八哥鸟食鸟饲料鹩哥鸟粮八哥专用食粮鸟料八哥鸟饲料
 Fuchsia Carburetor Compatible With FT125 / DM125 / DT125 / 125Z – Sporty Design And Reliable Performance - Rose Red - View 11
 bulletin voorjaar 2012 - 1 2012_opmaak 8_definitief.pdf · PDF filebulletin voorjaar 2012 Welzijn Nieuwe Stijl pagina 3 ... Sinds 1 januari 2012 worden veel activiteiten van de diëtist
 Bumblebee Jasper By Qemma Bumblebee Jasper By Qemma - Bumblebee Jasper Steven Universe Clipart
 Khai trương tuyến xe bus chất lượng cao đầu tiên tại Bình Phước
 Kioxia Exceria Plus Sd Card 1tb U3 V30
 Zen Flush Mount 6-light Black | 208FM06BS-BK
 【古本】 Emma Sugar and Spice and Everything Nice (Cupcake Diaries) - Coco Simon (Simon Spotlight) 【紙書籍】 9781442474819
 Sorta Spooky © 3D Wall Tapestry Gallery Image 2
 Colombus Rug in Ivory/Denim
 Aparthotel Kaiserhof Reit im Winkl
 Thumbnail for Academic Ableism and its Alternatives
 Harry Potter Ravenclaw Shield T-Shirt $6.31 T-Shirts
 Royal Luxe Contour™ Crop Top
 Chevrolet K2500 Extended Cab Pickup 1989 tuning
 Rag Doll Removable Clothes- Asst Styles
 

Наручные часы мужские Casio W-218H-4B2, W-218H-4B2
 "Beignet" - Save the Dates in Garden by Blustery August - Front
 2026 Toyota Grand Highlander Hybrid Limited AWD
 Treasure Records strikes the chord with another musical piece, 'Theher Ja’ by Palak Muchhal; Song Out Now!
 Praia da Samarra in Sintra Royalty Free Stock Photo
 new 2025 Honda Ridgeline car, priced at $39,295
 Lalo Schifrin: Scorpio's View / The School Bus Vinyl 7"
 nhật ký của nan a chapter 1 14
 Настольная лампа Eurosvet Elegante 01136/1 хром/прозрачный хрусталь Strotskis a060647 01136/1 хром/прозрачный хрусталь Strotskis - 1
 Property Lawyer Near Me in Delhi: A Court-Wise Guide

Your objective:
Leaving every word in place, retype all of the listing.

Exercise response:
八哥鸟食鸟饲料鹩哥鸟粮八哥专用食粮鸟料八哥鸟饲料
 Fuchsia Carburetor Compatible With FT125 / DM125 / DT125 / 125Z – Sporty Design And Reliable Performance - Rose Red - View 11
 bulletin voorjaar 2012 - 1 2012_opmaak 8_definitief.pdf · PDF filebulletin voorjaar 2012 Welzijn Nieuwe Stijl pagina 3 ... Sinds 1 januari 2012 worden veel activiteiten van de diëtist
 Bumblebee Jasper By Qemma Bumblebee Jasper By Qemma - Bumblebee Jasper Steven Universe Clipart
 Khai trương tuyến xe bus chất lượng cao đầu tiên tại Bình Phước
 Kioxia Exceria Plus Sd Card 1tb U3 V30
 Zen Flush Mount 6-light Black | 208FM06BS-BK
 【古本】 Emma Sugar and Spice and Everything Nice (Cupcake Diaries) - Coco Simon (Simon Spotlight) 【紙書籍】 9781442474819
 Sorta Spooky © 3D Wall Tapestry Gallery Image 2
 Colombus Rug in Ivory/Denim
 Aparthotel Kaiserhof Reit im Winkl
 Thumbnail for Academic Ableism and its Alternatives
 Harry Potter Ravenclaw Shield T-Shirt $6.31 T-Shirts
 Royal Luxe Contour™ Crop Top
 Chevrolet K2500 Extended Cab Pickup 1989 tuning
 Rag Doll Removable Clothes- Asst Styles
 

Наручные часы мужские Casio W-218H-4B2, W-218H-4B2
 "Beignet" - Save the Dates in Garden by Blustery August - Front
 2026 Toyota Grand Highlander Hybrid Limited AWD
 Treasure Records strikes the chord with another musical piece, 'Theher Ja’ by Palak Muchhal; Song Out Now!
 Praia da Samarra in Sintra Royalty Free Stock Photo
 new 2025 Honda Ridgeline car, priced at $39,295
 Lalo Schifrin: Scorpio's View / The School Bus Vinyl 7"
 nhật ký của nan a chapter 1 14
 Настольная лампа Eurosvet Elegante 01136/1 хром/прозрачный хрусталь Strotskis a060647 01136/1 хром/прозрачный хрусталь Strotskis - 1
 Property Lawyer Near Me in Delhi: A Court-Wise Guide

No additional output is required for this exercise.